Ketua Lembaga Perlindungan Saksi dan Korban (LPSK) Abdul Haris Semendawai mengatakan pihaknya siap memberikan jaminan perlindungan kepada saksi kunci anak buah kapal asal Myanmar. "Sudah ada permintaan dari Kejaksaan dan Kepolisian agar korban mendapat perlindungan saat memberikan kesaksian, tapi belum dipastikan jadwalnya kapan," ujar Abdul kepada Tempo, Senin, 5 Oktober 2015.

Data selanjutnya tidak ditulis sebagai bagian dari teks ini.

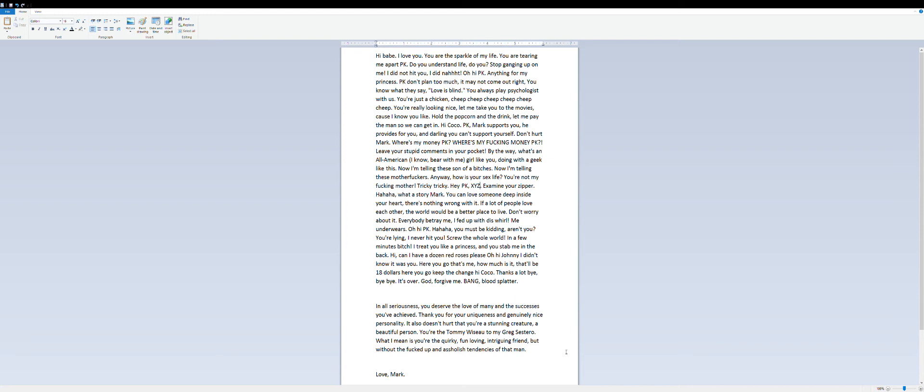You're not my fucking mother. Tricky tricky. Hey PK, XYZ. Examine your zipper. Hahaha, what a story Mark.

Saat ini kasus perdagangan manusia yang menyeret PT Benjina telah masuk P21 (berkas sudah lengkap). Kasus tersebut ditangani Polres Aru dan semua barang bukti serta tersangka telah dilimpahkan ke Kejaksaan Negeri Dobo. Abdul mengungkapkan instansinya telah berkoordinasi dengan otoritas berwenangan di Myanmar ihwal saksi-saksi yang bakal diterbangkan dari Myanmar ke Indonesia.
Namun, menurut Abdul, meski pemerintah Myanmar mendukung upaya untuk mengusut kasus ini, hingga kini belum disepakati siapa pihak yang bakal membiayai akomodasi saksi-saksi tersebut. Dia berharap pemerintah Myanmar atau pun Indonesia bisa memfasilitasi biaya penerbangan agar proses hukum tidak terhambat.
"Anggaran biaya dari Myanmar ke Indonesia saja kendalanya. Sampai sekarang kami masih bertanya-tanya juga siapa yang bakal membiayai karena kalau anggaran kami terbatas," ujar Abdul.
LPSK, ujar Abdul, hanya menyediakan fasilitas seperti tempat menginap, pendampingan serta perlindungan kepada saksi. "Selama mereka (saksi) berada di wilayah indonesia untuk memberikan kesaksian."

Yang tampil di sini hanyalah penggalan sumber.